If you can’t have a fantasy, what’s the point of writing a book? –Haruki Murakami

Making your way through One Last Xanax, Oliver Miller’s new collection of fifteen short stories, you will meet a man who repairs butterflies for a living, a couple who’ve decided to tear down the walls of their home after a too-realistic paint job renders it invisible, and a mirror who goes for a cross-country journey.

Miller’s stories vary and shift from these magical realistic tales, written in the tradition of STET favorites Aimee Bender and Haruki Murakami, to more traditional personal reflections. “Alone at Night” is a single page appreciation of the peacefulness of late night solitude. “The Problem (One Last Xanax)” gets inside the head of a young man who can’t sleep, unable to stop obsessing over a scowl that an attractive girl gave him at a concert earlier that night.

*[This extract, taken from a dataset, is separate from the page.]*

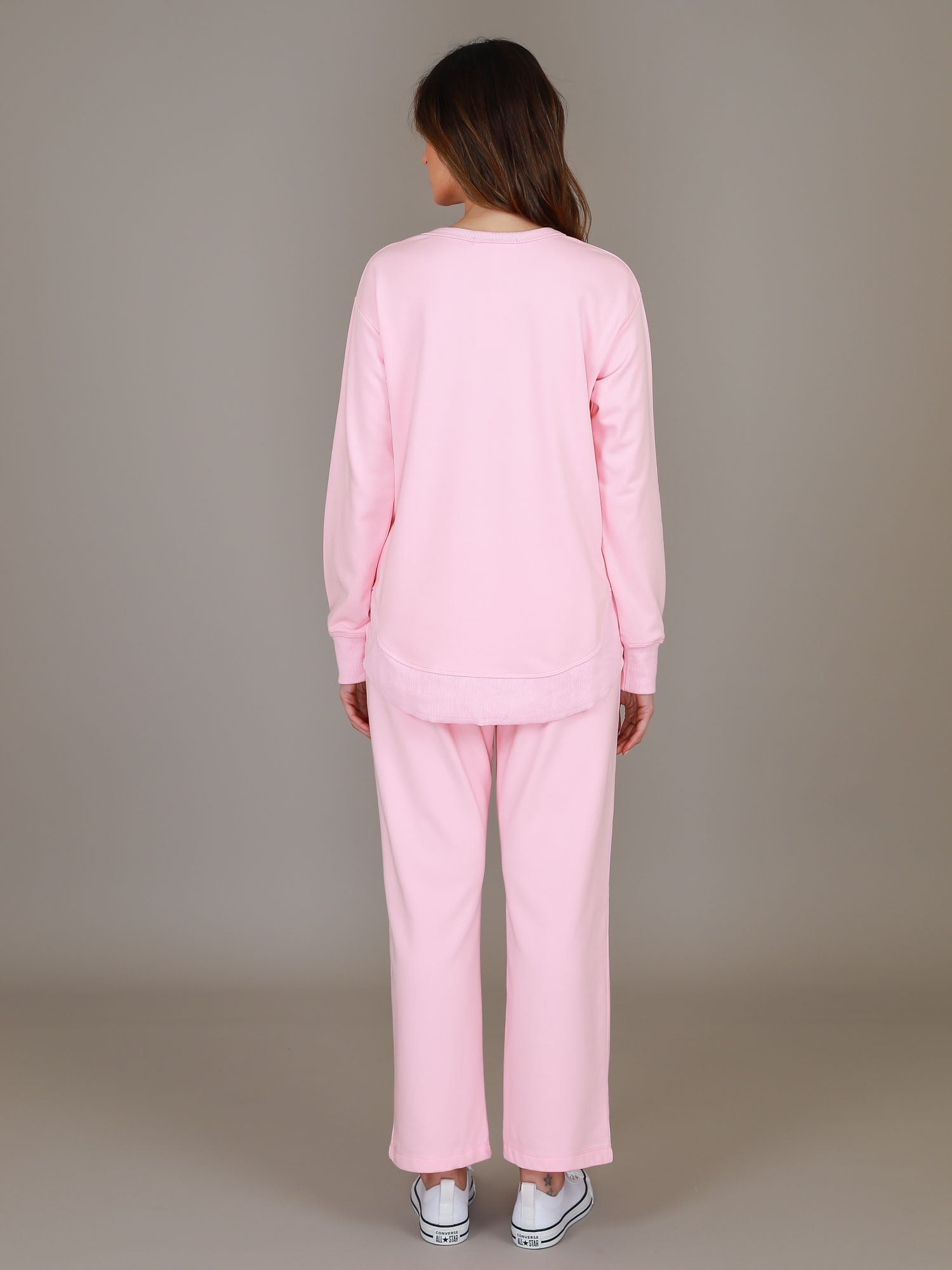 soft pink sweatshirt #color_powder pink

These are quick, simple reads that approach the loneliness of city life with a sense of escapism, wonder, and fantasy. In one of my favorite pieces “The Bridge,” a man chases a mysterious doppelganger over a bridge into a busy metropolis until he eventually disappears. Miller expertly displays his powers of tension and mystery here, giving the entire scene a dreamy feeling.

“The Mirror” cunningly tackles the problem of consuming so much media that the real world starts to lose its luster. The Mirror, an actual mirror who goes on a cross-country journey, sees the world as the literal embodiment of “America the Beautiful” (“sunsets and moonsets over ochre-tinted valleys; fields of grain, the individual strands of grain like so many fibers, like so many flowers.”). But after vegging out on TV for a few hours one evening the Mirror has trouble distinguishing between the real life beauty he sees and the images he’s already experienced on the screen. “Now he could no longer see things freshly, for the first time,” Miller writes. “If he saw a canyon, he was reminded of a canyon from TV, and the two images overlaid.”

It’s worth noting that Miller’s book of fiction is the latest in a slew of e-publications from Thought Catalog, the online diary recording the millennial experience. After browsing other releases on online dating, confidence, and porn (none without some pretty heavy navel-gazing) Miller’s stories are a refreshing change in perspective. Perhaps the only misleading thing about the ebook is the title “One Last Xanax”; its pill-popping name doesn’t quite convey the level of imagination and surrealism contained within.